# Greenhouse for winter anyone??



## Chipdog (Sep 11, 2008)

I just moved up from Miami to Bluffton South Carolina. Back In Miami I just brought my Aldabras in if the temp was going to be in the low 50s (maybe a half dozen times in a year). Now it is going to be getting colder then that. I had planned on setting them up something in the garage but now I was wondering if it would be better to build some kind of a greenhouse. Has anyone here done anything like this?
I keep them in a 13' by 19' courtyard. I was thinking of making a frame out of 2x4s then mount some of that wavy clear roofing stuff you can get from home depot and using a heater if needed.

Ideas??


----------



## Itort (Sep 11, 2008)

First of all I would visit commercial greenhouses in the area to see how they are setup and then workout some kind of greenhouse/barn combo (they are aldabras with the ability to walk thru walls). I would suggest some type of heater.


----------



## katesgoey (Sep 11, 2008)

I keep my Leopard in a polycarbonate(sp?) greenhouse and we have much milder winters than you will get, but I would add to Larry's comments that you might need some type of humidifier set up in a greenhouse too.


----------



## Yvonne G (Sep 11, 2008)

I have a greenhouse to over-winter my cacti. It's a 2x4 frame structure with plywood on the bottom sides and polycarbonate on the upper sides and roof. Without a heater it would be just as cold inside as it is outside. And during the summer its extremely hot inside. This year I have placed styrofoam insulation on the inside of the lower sides and another piece of plywood over that. Before you could see the 2x4s, but now I've finished it off inside to help hold in the heat a bit better. The heater works all night. Its supposed to cycle on and off, but its so cold outside that it never cycles off. Its very costly to run. Little greenhouses in my size, appx. 8'x10' cost around $1000. Since your Aldabs are still pretty small, that might be ok for a year or two, but I think it would be better to build bigger right from the start and save money from having to do it twice. My Aldabs are a little over 8 years old and are VERY close to 100lbs each. I'll go out and take a picture of their habitat and get back to you

Yvonne


----------



## Yvonne G (Sep 11, 2008)

The winters here in Central Calif. probably aren't as severe as yours. It gets down to 30 degrees or so most nights and up in the 40's and 50's most days. The door to the Aldabrans shed is opened in the a.m. and the tortoises can come out, if they want to, even on the coldest days. They usually go back in on their own when they start to get cold. This is an overall view of their yard:








And this is the outside of their shed. Its made of wood and insulation:







This is a view of inside the shed:






If you DO decide to build a greenhouse for them, monitor the inside temp frequently, as the sun makes it VERY hot inside, even on cool winter days:






Yvonne


----------



## Chipdog (Sep 12, 2008)

Thank you for the quick replies and the great pictures Yvonne.
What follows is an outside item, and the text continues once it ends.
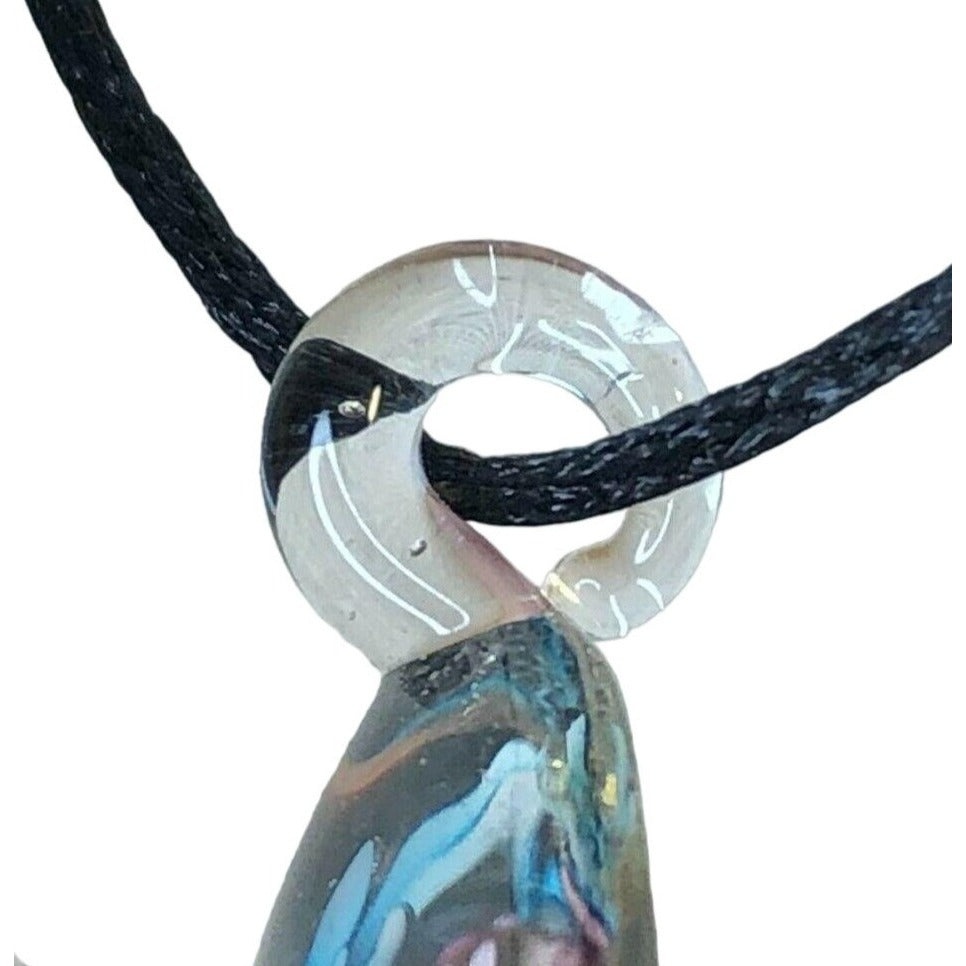 Handcrafted Necklace Floral Glass Pendant on Rope Burst of Color NEW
One problem is that I am renting here. I haven't been able to sell my house in Miami yet.

I has thinking something a bit smaller and temporary. I guess I am thinking more of a "cold frame" then a greenhouse.
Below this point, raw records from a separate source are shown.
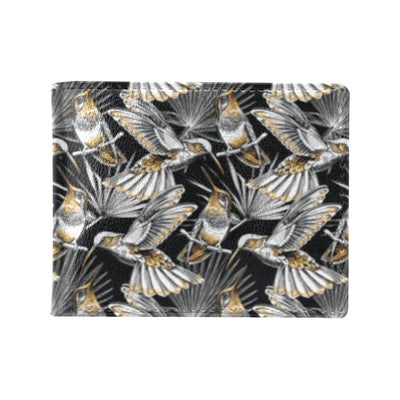 Hummingbird Gold Design Themed Print Men's ID Card Wallet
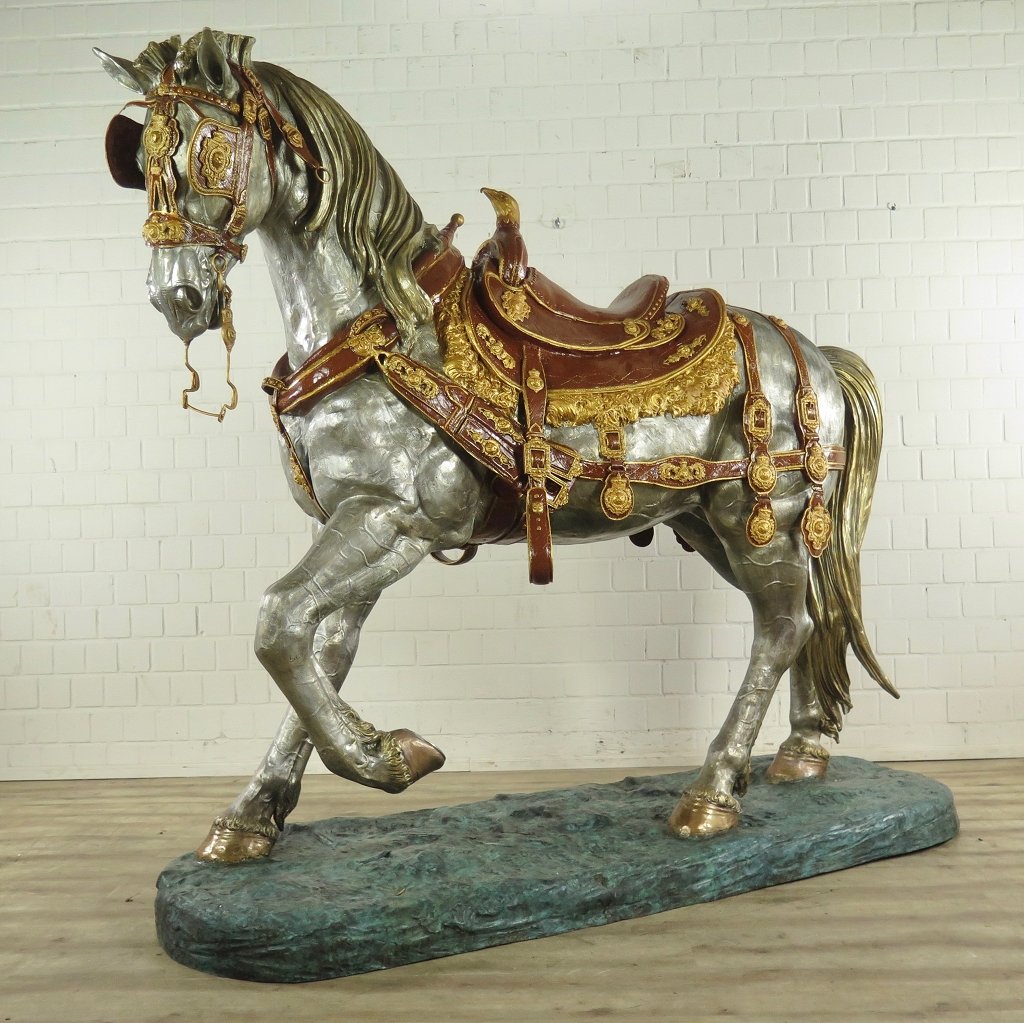 Skulptur Dekoration Set Pferde Bronze 2,10 m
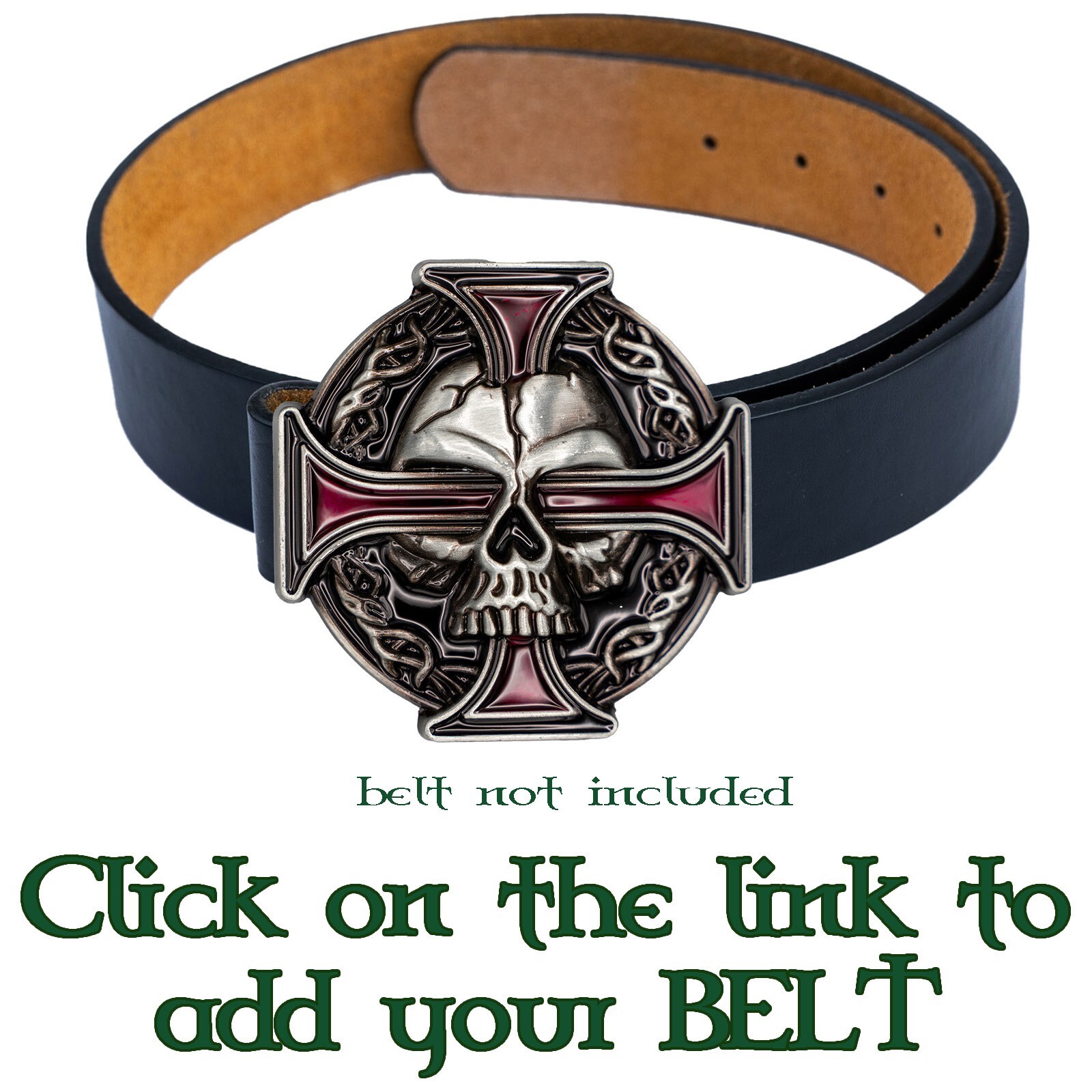 Skull & Iron Cross Metal Belt Buckle Biker UK Gothic Vampire Celtic Vamp Goth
larger then the one in the picture but thats more or less what I was thinking.

any more input?


----------



## Itort (Sep 12, 2008)

How large are your guys again ?


----------



## Yvonne G (Sep 12, 2008)

I don't think you would be able to put a heater in a small cold frame. You need something big enough that you can protect the heater from the tortoises. A cold frame only protects the items placed inside from freezing, not from getting cold. During the day it gets really hot from the sun even on the coldest days, and at night, unless you provide a heat source, it gets almost as cold as the temp outside. The heat from the earth doesn't allow the ambient air inside the frame to get down to freezing, but it gets pretty cold. 

Also, they need a lot of exercise in order to grow right and have strong bones, so even a larger cold frame probably wouldn't be big enough. How about something in the garage or a back bedroom? 

Yvonne


----------



## Chipdog (Sep 13, 2008)

They are still babes at about 9 and 10 inches.

I did make sure that the house i rented had a garage just so I could house them over the winter but I thought it might be better to keep them outside as long as I could. In the sun and on the grass. 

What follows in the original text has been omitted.